● **Task prompt**
Your answer must be only the lines below from the one containing "有田焼　カフェマグカップ　（吹墨ぶどう青・赤）（ざくろ青・赤）2-111" through the one containing "并配文:谢谢你,现在俩人是毫无瓜葛了,薛小婉任权完结画上句号了,话说", copied exactly, with the pictures left out.

● **Listed entries**

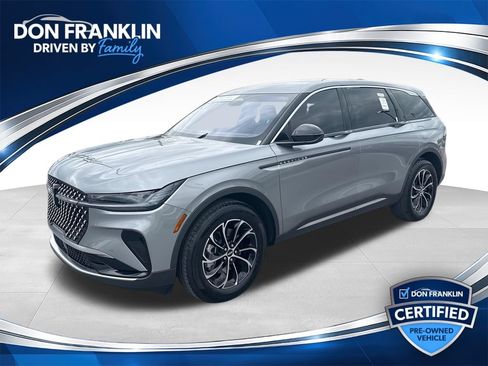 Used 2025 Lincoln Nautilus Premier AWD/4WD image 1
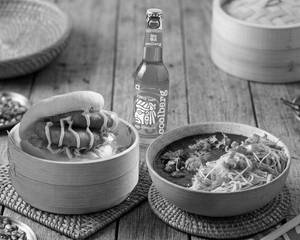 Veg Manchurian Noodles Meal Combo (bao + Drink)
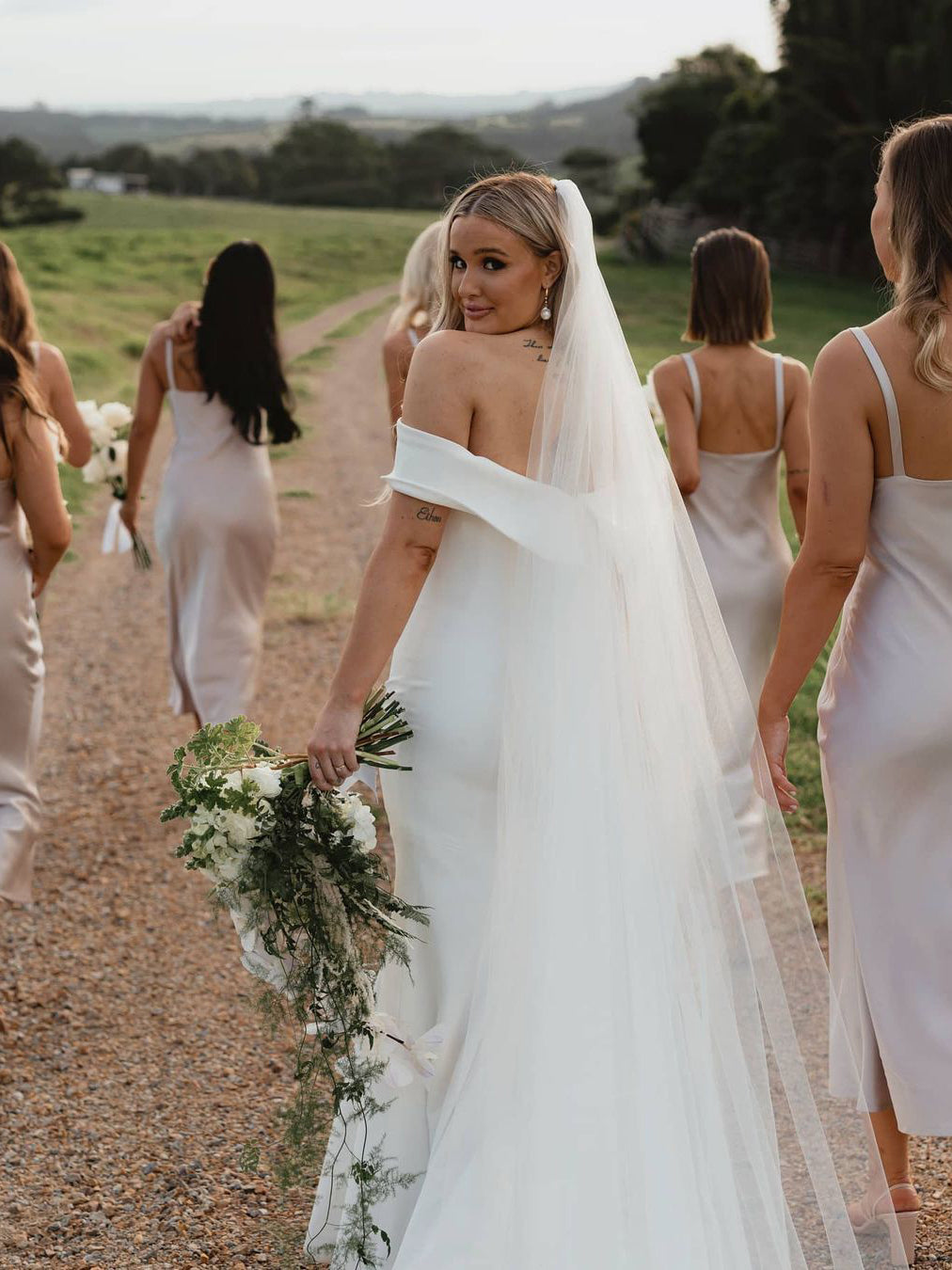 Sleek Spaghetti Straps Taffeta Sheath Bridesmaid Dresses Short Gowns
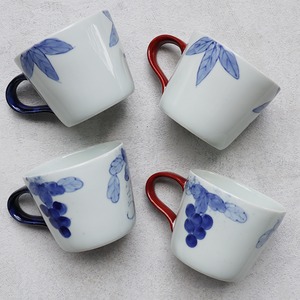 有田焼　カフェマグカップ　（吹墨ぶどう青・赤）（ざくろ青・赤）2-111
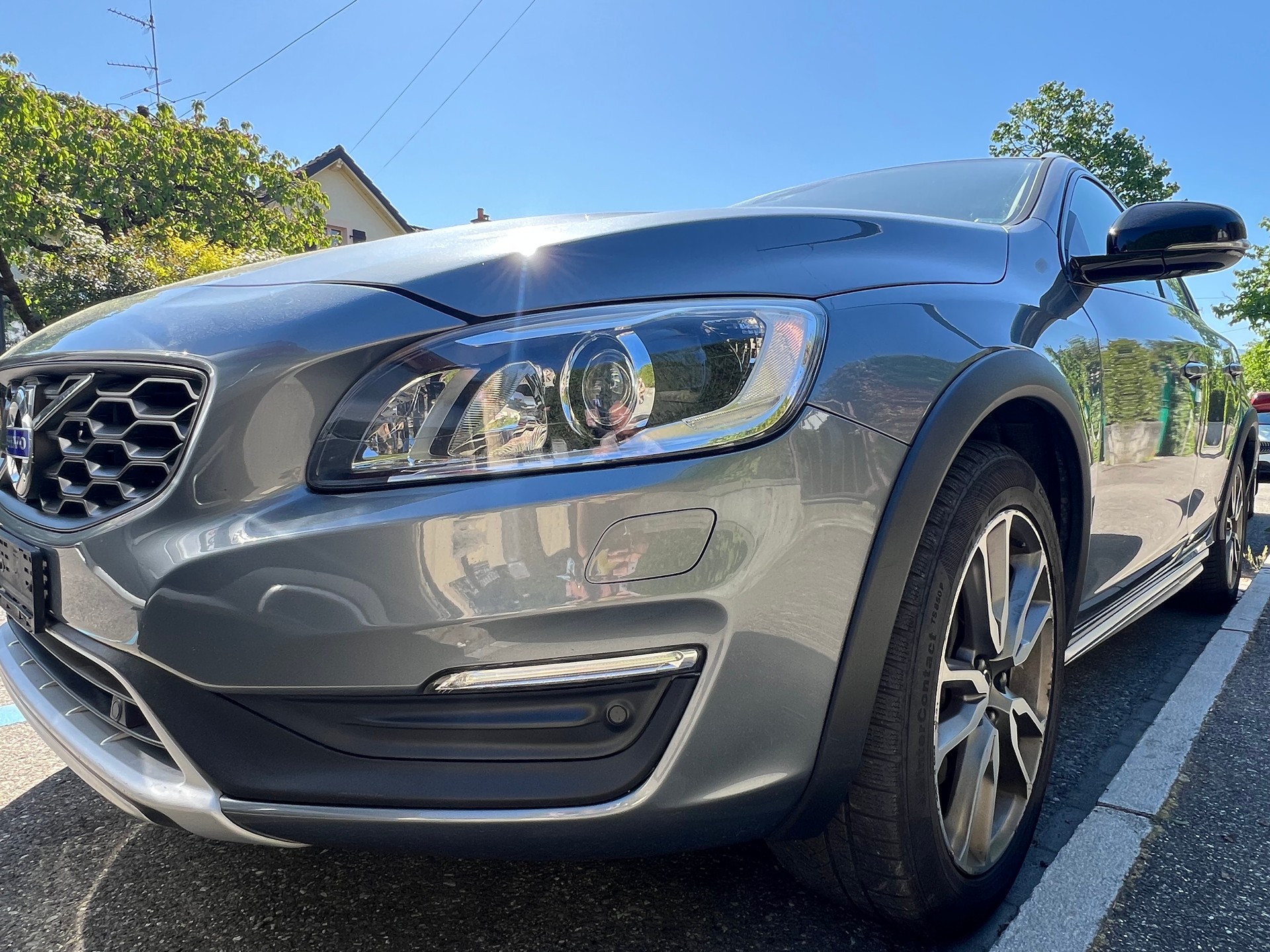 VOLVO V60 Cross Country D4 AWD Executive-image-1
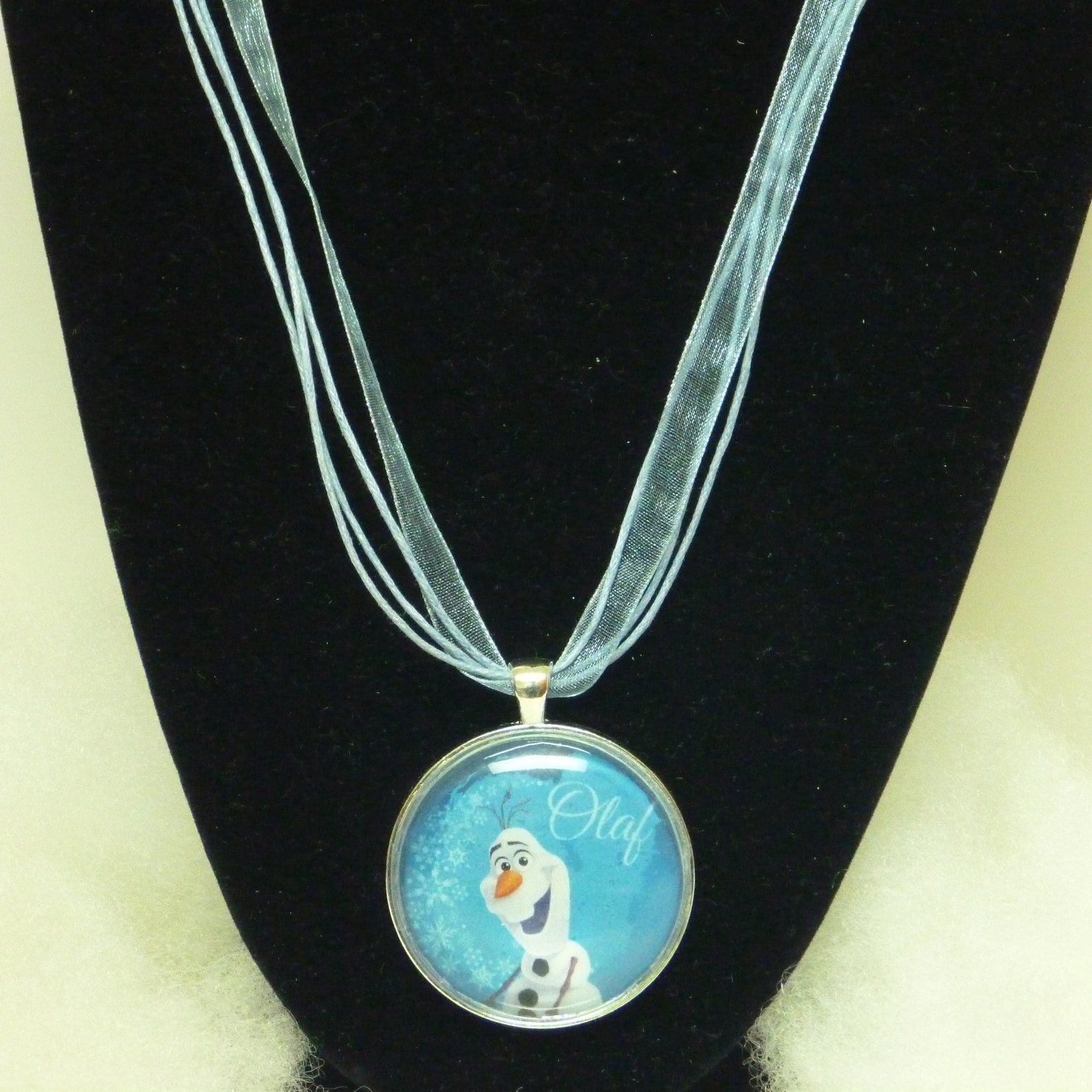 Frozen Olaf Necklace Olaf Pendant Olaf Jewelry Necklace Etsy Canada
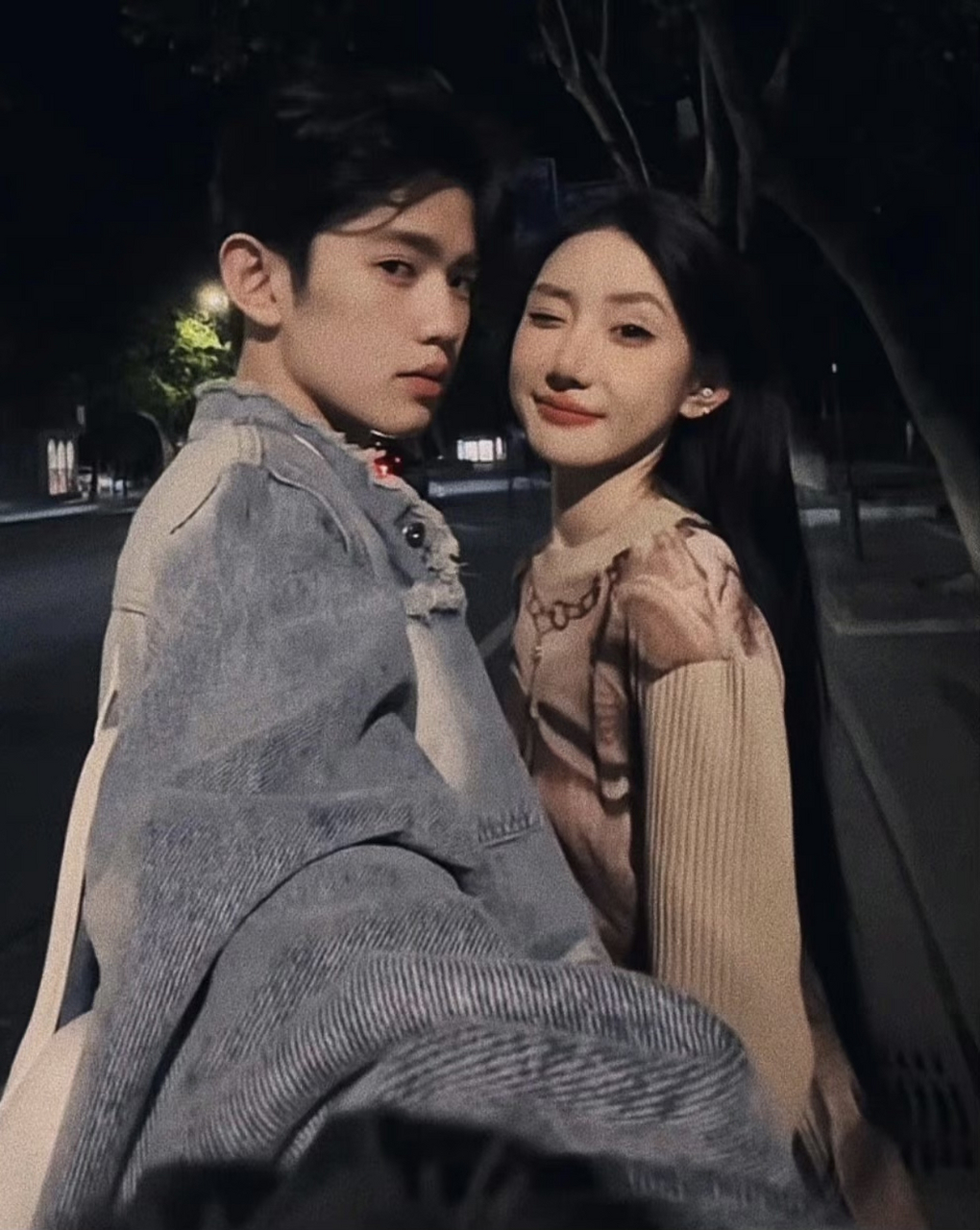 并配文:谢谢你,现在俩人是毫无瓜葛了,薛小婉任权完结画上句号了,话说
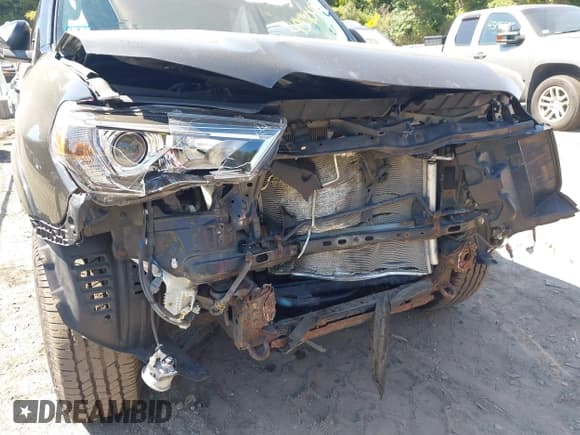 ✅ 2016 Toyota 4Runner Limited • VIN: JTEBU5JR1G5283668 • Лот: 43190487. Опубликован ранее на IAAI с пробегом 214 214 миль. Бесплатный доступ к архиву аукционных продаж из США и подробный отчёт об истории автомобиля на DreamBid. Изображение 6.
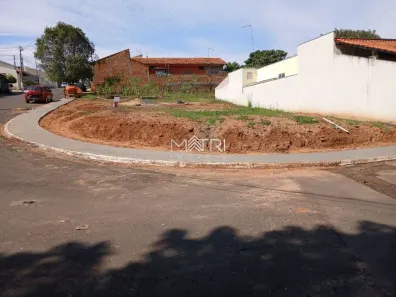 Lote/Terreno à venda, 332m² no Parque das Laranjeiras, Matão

● **Exercise answer**
 有田焼　カフェマグカップ　（吹墨ぶどう青・赤）（ざくろ青・赤）2-111
 VOLVO V60 Cross Country D4 AWD Executive-image-1
 Frozen Olaf Necklace Olaf Pendant Olaf Jewelry Necklace Etsy Canada
 并配文:谢谢你,现在俩人是毫无瓜葛了,薛小婉任权完结画上句号了,话说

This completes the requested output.